_TASK INSTRUCTIONS_: Report how many lines in the entries below have the word "back" in them, and give no other words.

───── EXTRACTED INFORMATION

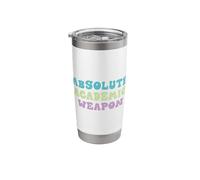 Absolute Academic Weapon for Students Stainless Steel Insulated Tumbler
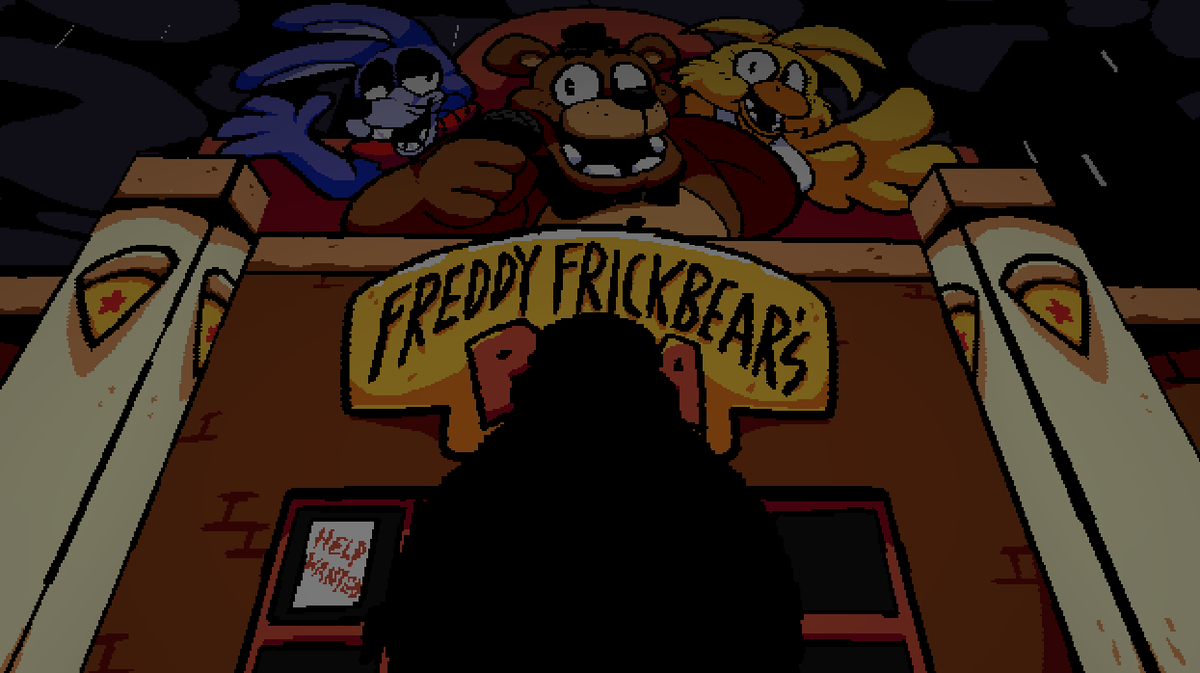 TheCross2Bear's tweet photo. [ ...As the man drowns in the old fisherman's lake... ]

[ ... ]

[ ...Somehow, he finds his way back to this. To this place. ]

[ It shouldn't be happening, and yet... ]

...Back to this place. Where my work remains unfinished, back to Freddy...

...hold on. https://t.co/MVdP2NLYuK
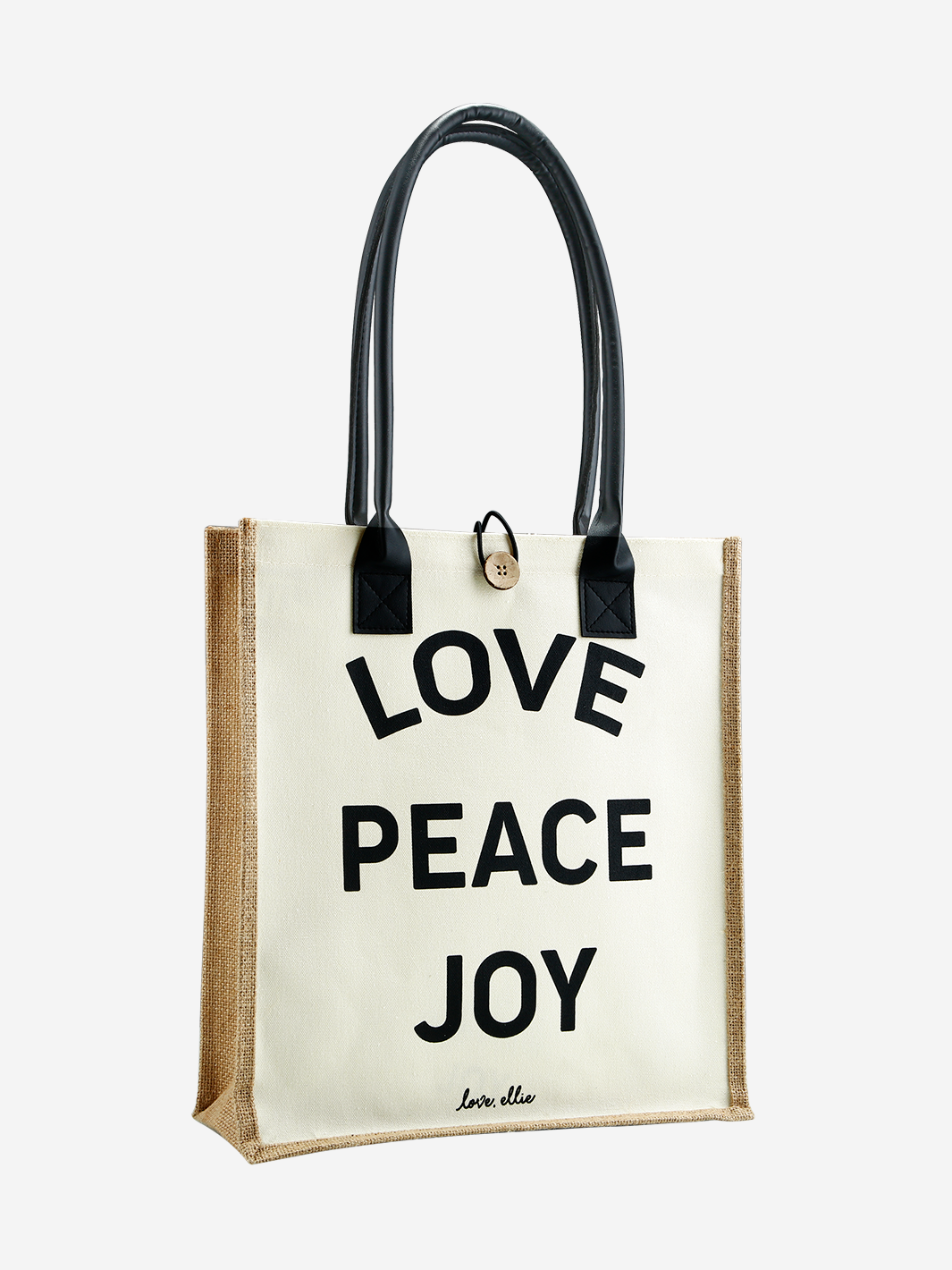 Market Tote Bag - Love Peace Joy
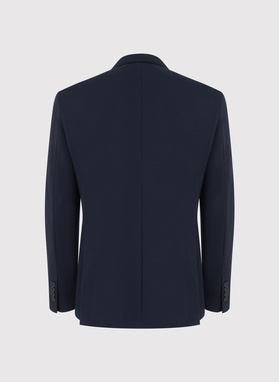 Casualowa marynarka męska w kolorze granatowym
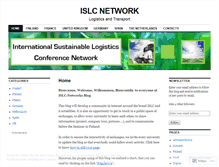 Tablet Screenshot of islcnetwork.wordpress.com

──────────

_RESULT OF THIS TASK_: 2